Recently, in my data science program, we were given a project where we needed create a model to predict house prices. The training data set we received included property data relating to square feet, bathroom count, construction grade, etc. The data I was most excited to begin my analysis with was the location data. We were given columns containing the latitude and the longitude coordinates and instantly the first thing I wanted to do was to create a heat map showing the distribution of property prices.
Let’s take a peek at our data:
import pandas as pd
import numpy as np
import Geopandas as gpd
import matplotlib.pyplot as plt
from shapely.geometry import Point, Polygon
df = pd.read_csv('kc_house_data_train.csv')

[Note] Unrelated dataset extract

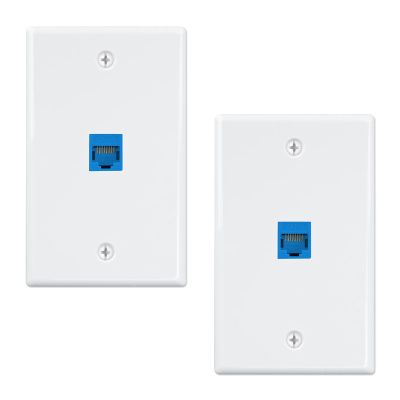 iwillink (2-Pack) Ethernet Wall Plate, 1-Port Keystone Jack Wall Plate with RJ45 Keystone Inline Coupler insert, Female to Female Cat6 Wall Plate, Blue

df = df[['id', 'price', 'sqft_living', 'waterfront', 'zipcode', 'long', 'lat']]
df.head()

Shapefiles
Before we can plot these coordinates, we need a ‘shapefile’ to plot them on top of. If you’re like me, and new to plotting geospatial data, ‘shapefiles’ were a very foreign topic. Luckily for you I found this great description :
Basically, coding languages like Python utilizing Geopandas can read shapefiles and transform them into functioning maps that you are able to plot on. Much to my surprise, shapefiles are readily available from a lot of open-source databases online. Shapefiles are designated as ‘.shp’ – the shape format/geometry file; but they also depend on the associated ‘.shx’ – shape index format, and the ‘.dbf’ – attribute format files to properly function. So, in order to utilize the ‘.shp’ file in GeoPandas, you must also save the other two mandatory file extensions in the same directory. Let’s take a look at our shapefile in Python.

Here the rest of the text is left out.